В эти годы в Англию время от времени приезжали с визитами германские принцы, сыновья и внуки кайзера, с целью разъяснить внедипломатическим, внеофициальным путем английскому правительству роль Гитлера; некоторые приезжали и предупреждали о близкой войне и вооружении Германии и о том страшном будущем, которое несомненно ожидает Германию – потому что сомнений нет, она будет побеждена. Это были так называемые пораженцы, или дефетисты. Другие приезжали предупредить Англию, что Гитлер завоюет весь мир, и тогда все погибнет, и торопили Англию с вооружением и просили подумать о себе и о них. Третьи приезжали главным образом, чтобы повернуть, если только возможно, Англию в сторону Германии, говорили, что не верят в Италию, что у Германии и Англии – одни цели, и они должны держаться друг друга. Эти последние общались главным образом с Освальдом Мосли и его «нацистской партией». Но Локкарту, как журналисту, приходилось интервьюировать и тех и других без разбору и, как связанному уже и теперь (неофициально пока) с информационным отделом Форин Оффис, состоять при них и их женах, водить их в театры и рестораны.

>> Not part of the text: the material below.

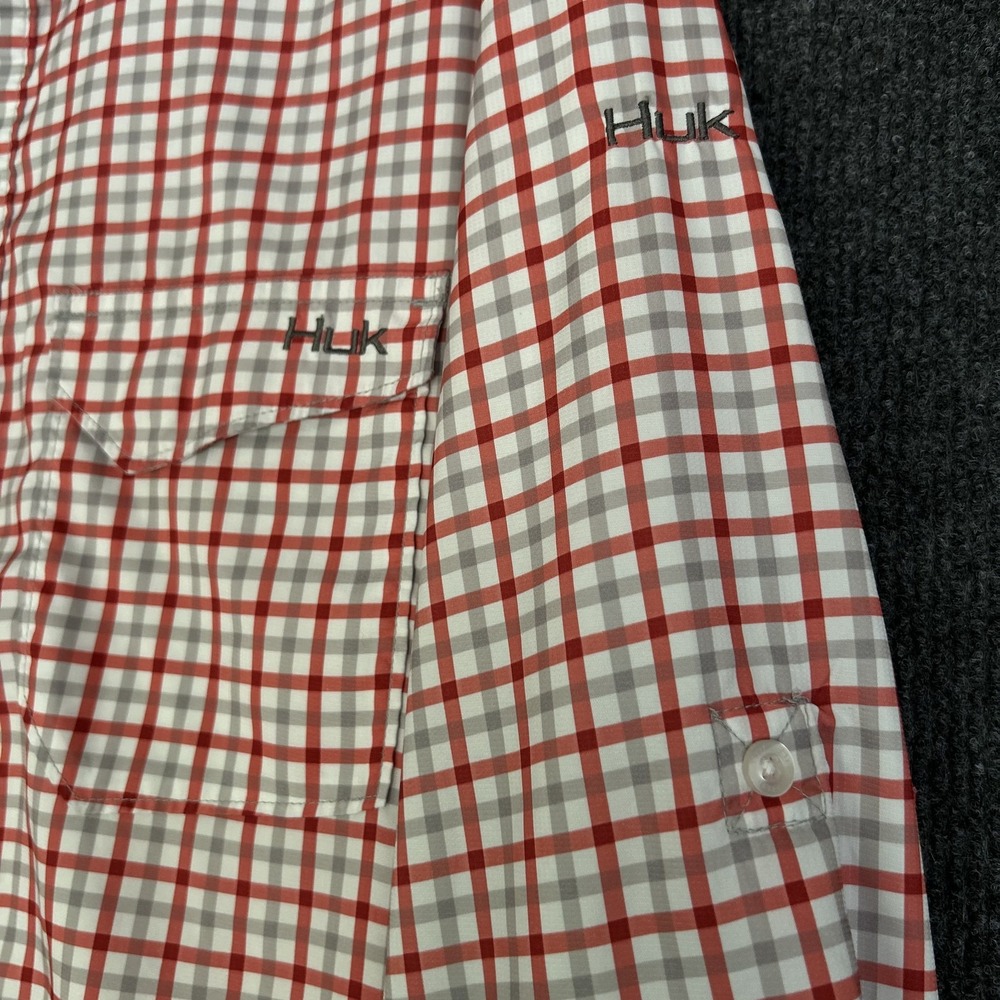 Huk Tide Point Performance Fishing Shirt Men's XL Red Gray Check LS Button Down - Picture 4 of 15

Чем ближе подходила вторая война, тем чаше он выезжал в Чехословакию, в Австрию, в Венгрию и возвращался в Лондон, чтобы только частично использовать свою информацию в «Ивнинг Стандард», – основные сведения передавались им в Форин Оффис, где он справедливо считался одним из первых знатоков, а может быть, и первым знатоком этих стран. Прекрасное знание чешского языка (как, впрочем, и французского, немецкого и русского) облегчало ему отношения с теми, кто информировал его и с кем он поддерживал не сухие деловые, но теплые и дружеские отношения; об этих людях он заботился и тогда, когда они на него работали, и позже, когда они оказались выкинутыми из своих стран и нашли благодаря ему приют и работу в Лондоне. Его энергию ценили настолько высоко, что в 1937 году он получил приглашение перейти на постоянную службу в Форин Оффис, иначе говоря – бросить газету и вернуться туда, откуда его выгнали в ноябре 1918 года, когда он вернулся из кремлевского заключения.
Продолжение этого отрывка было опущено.